USC and Stanford do not lack experience at quarterback
Experience at quarterback won’t be an issue for either team when sixth-ranked USC plays Stanford in its Pac-12 Conference opener on Saturday at the Coliseum.
USC’s Cody Kessler and Stanford’s Kevin Hogan are fifth-year seniors who have been starters for multiple years. And both are coming off career-best passing yardage performances.
Kessler passed for three touchdowns and 410 yards in the Trojans’ 59-9 victory over Idaho as the Trojans improved their record to 2-0. He completed 26 of 31 passes, including touchdowns of 50 and 41 yards to receiver JuJu Smith-Schuster and 28 yards to receiver Isaac Whitney.
Kessler had worked the previous week on improving his footwork and deep-ball accuracy. “I think that showed in the game,” he said.
Kessler ranks second nationally in passing efficiency. He has completed 45 of 57 passes for 650 yards, with no interceptions.
Hogan completed 17 of 29 passes for 341 yards and three touchdowns in a 31-7 victory over Central Florida that evened the Cardinal’s record at 1-1.
Hogan’s first touchdown of the season came on a 53-yard flea-flicker to receiver Michael Rector. “It was almost like breaking the ice,” Hogan told reporters after the game. “I think everyone kind of settled in after that and felt comfortable.”
Hogan also had a seven-yard touchdown pass to running back Christian McCaffrey and connected with running Bryce Love for a 93-yard touchdown.
It was comeback of sorts for Hogan, who completed 20 of 35 passes for 155 yards, with an interception, in the Cardinal’s 16-6 opening loss against Northwestern.
Last season, neither Kessler nor Hogan passed for a touchdown in the Trojans’ 13-10 victory at Stanford.

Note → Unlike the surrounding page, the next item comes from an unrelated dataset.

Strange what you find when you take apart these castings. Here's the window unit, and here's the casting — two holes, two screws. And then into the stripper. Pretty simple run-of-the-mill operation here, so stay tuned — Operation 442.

Kessler completed 15 of 22 passes for 135 yards. Hogan was 22 of 30 for 285 yards.
The Trojans sealed the victory when linebacker J.R. Tavai sacked Hogan and forced him to fumble.
Take a breath
USC has only two sacks in two games, so pressuring Hogan into bad decisions will be one of the defense’s main goals Saturday.
Stanford generally huddles after each play, which could help the Trojans gear-up a pass rush that has lagged.

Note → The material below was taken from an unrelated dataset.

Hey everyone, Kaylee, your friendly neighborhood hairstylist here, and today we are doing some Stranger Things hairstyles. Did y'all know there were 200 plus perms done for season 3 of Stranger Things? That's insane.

“Any time an offense huddles like that is rare now,” USC linebacker Scott Felix said. “So you get a little bit of a breath, instead of just running to the next play. That helps us.”
Adoree’ Jackson showed a flash of his ability to elude and escape tackles against Idaho, mesmerizing the Coliseum crowd during a zigzag across the field on a 30-yard pass reception.
“I was just out there having fun, doing what I know,” he said.
Jackson, a starting cornerback, was in for 47 plays, including six on offense. He caught four passes for 62 yards.
Jackson had only seven yards on three punt returns, but he is raising eyebrows with his daring and reluctance to call for a fair catch.
Jackson said he called for a fair catch only once in high school — and that he regretted the decision when he saw the closest defender was 10 yards from him.
“Ever since then, I’ve always caught the ball because you never know what’s going to happen,” he said. “All you’ve got to do is make the first guy miss. If they get a good hit or whatever, you just have to bounce back up.”
Coach Steve Sarkisian said he has no problem with that mentality.
“The guy has such belief in himself,” Sarkisian said. “He’s not thinking about not getting hurt. He’s thinking about how can he get to the end zone.”